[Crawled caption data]
--------------------------------------------------

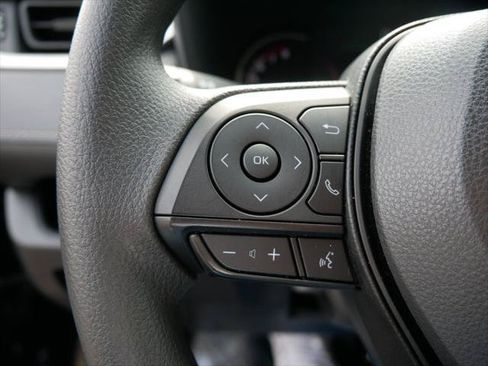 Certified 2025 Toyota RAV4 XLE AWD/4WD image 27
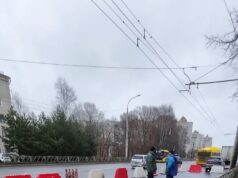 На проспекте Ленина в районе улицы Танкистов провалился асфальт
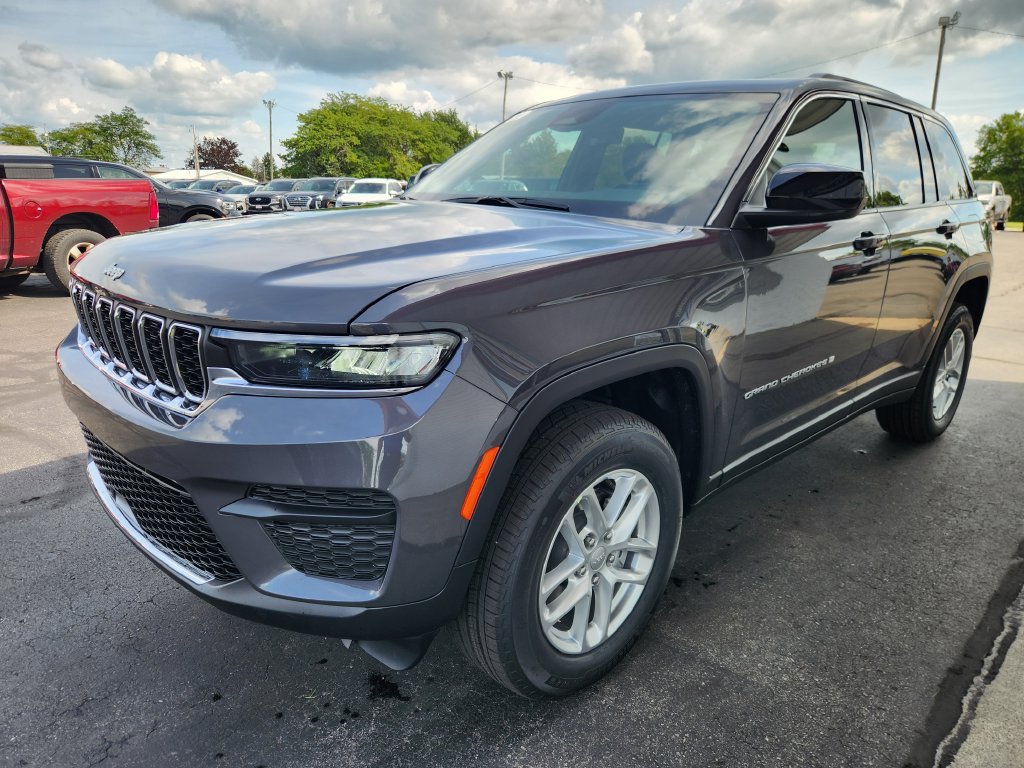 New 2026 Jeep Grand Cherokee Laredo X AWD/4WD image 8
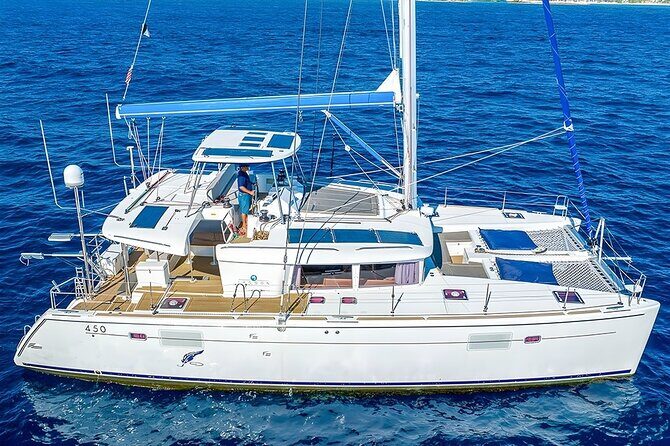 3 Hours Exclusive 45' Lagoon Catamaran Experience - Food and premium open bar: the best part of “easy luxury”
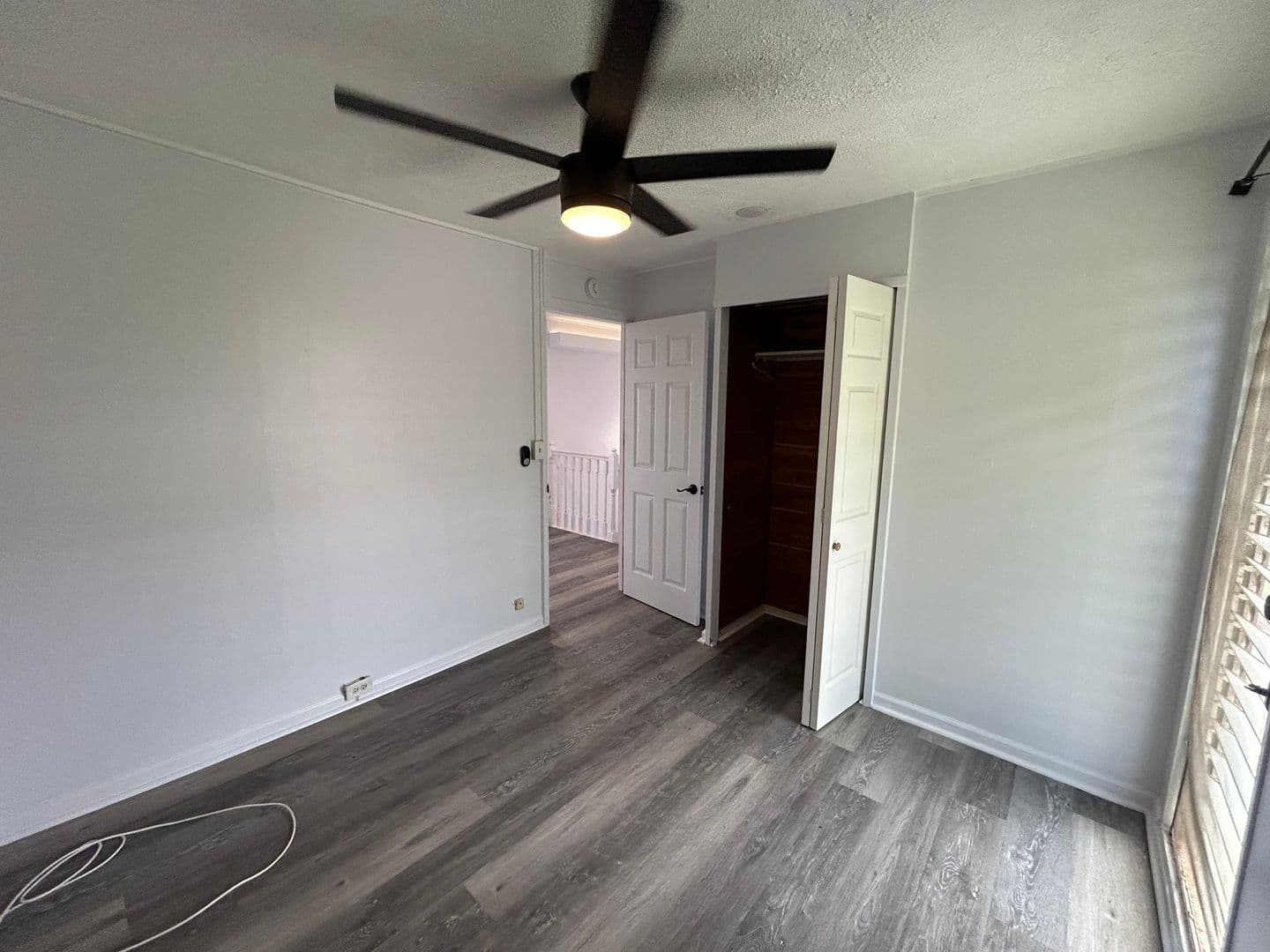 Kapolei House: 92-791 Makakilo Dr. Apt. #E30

--------------------------------------------------

**About this exercise**
Which lines run from the one that holds "3 Hours Exclusive" to the final line of the records above? Return them exactly, and skip the pictures.

**Exercise result**
 3 Hours Exclusive 45' Lagoon Catamaran Experience - Food and premium open bar: the best part of “easy luxury”
 Kapolei House: 92-791 Makakilo Dr. Apt. #E30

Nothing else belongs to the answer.